Cafunfo: UNITA fala em "ditadura sem precedentes"
8 de fevereiro de 2021A missão constituída por cinco deputados da União Nacional para a Independência Total de Angola (UNITA) deixou, na noite de domingo (07.02), a região de Cafunfo, palco há pouco mais uma semana dos violentos incidentes que resultaram em várias vítimas mortais.
Foram quatro dias ao relento, a 5 km da vila diamantífera da província da Lunda Norte, sem autorização para circularem e barrados pelas forças de segurança.
Segundo o deputado da UNITA, Joaquim Nafoia, não foi em vão que permaneceram no local, apesar das adversidades, e deixam a região com o sentimento de missão cumprida. Em entrevista à DW África esta segunda-feira (08.02), Nafoia garantiu que os deputados fizeram constatações e recolheram um leque de elementos que contrapõem dados até então divulgados pelas autoridades estatais.
"Conseguimos conversar com algumas vítimas, conseguimos conversar com a igreja e até mesmo com aqueles que estiveram, digamos, no teatro da operações a fustigarem as populações. Posso dizer que nós conseguimos determinar o número de mortos, que em conferência de imprensa diremos. Há um outro elemento que podemos desmentir desde já. As autoridades avançam que o número de manifestantes era de mais de 300, que é falso. O número era muito reduzido e não passava de 100", começa por explicar.
"Ditadura sem precedentes"
Para Nafoia, o impedimento de que foram alvo nos últimos dias é um sinal claro de uma "ditadura sem precedentes" no país.
"A cada dia que passa a ditadura vai perpetuando mais os métodos de repressão. Nós passamos por situações muito difíceis. Uma tortura sem precedentes", denuncia o deputado à DW.
O deputado da oposição não compreende os argumentos do presidente da Assembleia Nacional de Angola, Fernando dos Santos, em como os deputados "não se podem deslocar sem autorização do presidente da Assembleia Nacional".
"Um deputado não precisa de ser autorização para visitar o seu povo. Não consta em nenhuma parte do regimento, muito menos na Constituição. A única parte do regimento da Assembleia Nacional que fala em o Presidente passar uma autorização aos deputados é quando esses se deslocam em missão privada ou de serviço no exterior do país. A Lunda Norte não é Congo. A Lunda Norte é Angola. Portanto, eu não preciso de ser autorizado pelo presidente da Assembleia Nacional", argumenta em declarações à DW África.
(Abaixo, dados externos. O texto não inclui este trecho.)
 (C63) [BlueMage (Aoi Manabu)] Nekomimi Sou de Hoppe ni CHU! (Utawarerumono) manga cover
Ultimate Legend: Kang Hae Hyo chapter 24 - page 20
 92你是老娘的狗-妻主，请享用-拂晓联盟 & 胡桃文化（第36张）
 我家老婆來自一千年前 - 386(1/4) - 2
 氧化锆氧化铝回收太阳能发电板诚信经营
Para o analista angolano Manuel Pinheiro, os deputados gozam do privilégio de circularem pelo país livremente não obstante as especificidades do caso em questão.
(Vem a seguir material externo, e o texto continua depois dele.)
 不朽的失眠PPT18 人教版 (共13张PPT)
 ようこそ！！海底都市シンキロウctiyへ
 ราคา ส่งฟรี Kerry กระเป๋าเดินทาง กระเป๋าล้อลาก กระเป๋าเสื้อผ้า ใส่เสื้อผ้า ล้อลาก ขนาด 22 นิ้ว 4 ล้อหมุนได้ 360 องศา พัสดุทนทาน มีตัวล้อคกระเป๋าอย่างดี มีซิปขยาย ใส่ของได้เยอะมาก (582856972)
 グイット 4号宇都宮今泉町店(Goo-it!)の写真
"Houve aí um conjunto de situações não típicas que não tem nada a ver com exercício de direitos dos deputados. Os deputados nesta situação concreta não estavam mandatados para cumprir uma missão de inquérito naquela região. Cumprir uma missão desta natureza tinha de ser uma comissão parlamentar de inquérito mas não foi no caso. A legalidade ou ilegalidade do ato só dependia da prudência e da razoabilidade", defende o analista.
Interesses partidários do MPLA
Joaquim Nafoia considera "infelizes" as alegações do Presidente da Assembleia Nacional, Fernando dos Santos, que desaprovou a deslocação dos deputados a Cafunfo. O deputado lamenta ainda que "não se distinga as tarefas do Estado com os interesses partidários" e lança farpas ao Presidente João Lourenço.
"O presidente da Assembleia nacional é membro do MPLA, obviamente que a sua atitude não seria diferente à do seu partido. Acho que o Presidente da República, sendo uma figura da alta esfera do Estado, o que devia fazer seria no mínimo solidarizar-se com os seus colegas deputados porque ele também é deputado. Mas entendemos, ele entendeu privilegiar os interesses partidários do MPLA então o povo que tire as suas ilações", diz.
Os deputados da UNITA, segunda maior força da oposição angolana, prometem nos próximos dias apresentar, em conferência de imprensa em Luanda, um balanço oficial da missão com os números atualizados de feridos, vítimas mortais e desaparecidos.
A manifestação de 30 de janeiro em Cafunfo foi convocada pelo Movimento do Protetorado Lunda Tchokwe, que reivindicava a autonomia para a região das Lundas. O protesto foi fortemente reprimido pelas forças de segurança.